International Women’s Day is a moment to celebrate women’s achievements, recognise their resilience, and challenge the structural inequalities that continue to shape their lives.

In the debt advice sector, it also gives us an opportunity to reflect on the extraordinary role women play. Both within the money and debt advice sector, and within households experiencing financial hardship.

The money and debt advice sector is improved by women who help to make up the workforce. Across Scotland, women make up a significant proportion of advisers, managers and volunteers who work tirelessly to support people in financial crisis.

Every day, they hold space for some of the most difficult conversations a person can have. They guide clients through fear and uncertainty. They negotiate with creditors. They challenge unfair systems. They help rebuild the confidence of their clients alongside helping them with their finances.

It is work that requires technical expertise, but also empathy, patience and emotional intelligence. The sector is stronger because of the women who bring these qualities to it.

Today, we celebrate them.

We also recognise the women on the other side of the adviser’s desk.

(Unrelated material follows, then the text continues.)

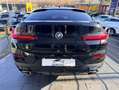 BMW X4 xdrive20d mhev 48V Msport auto - thumbnail 6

Financial difficulty rarely exists in isolation. In many households, when money becomes tight, it is women who shoulder the burden. They stretch food budgets. They cut back on their own essentials. They absorb children’s anxieties. They manage bills, juggle payments and make impossible choices about what can, and cannot, be paid.

They carry the emotional labour of hardship: protecting children from the reality of debt, shielding partners from stress, and internalising the fear of not being able to make ends meet.

Too often, this work is invisible. Too often, it is expected.

On International Women’s Day, we want to say clearly: this is strength. This is resilience. And it deserves recognition, not stigma.

Women are more likely to experience low pay, insecure work, part-time employment and caring responsibilities. These structural inequalities mean women are at greater risk of poverty and financial exclusion.

When debt escalates, the consequences can be severe:

  • Exclusion from affordable credit
  • Barriers to housing
  • Limited access to essential services
  • Damage to mental health and wellbeing

Financial hardship can isolate women socially and economically. It can shrink opportunities and undermine confidence. It can silence ambition.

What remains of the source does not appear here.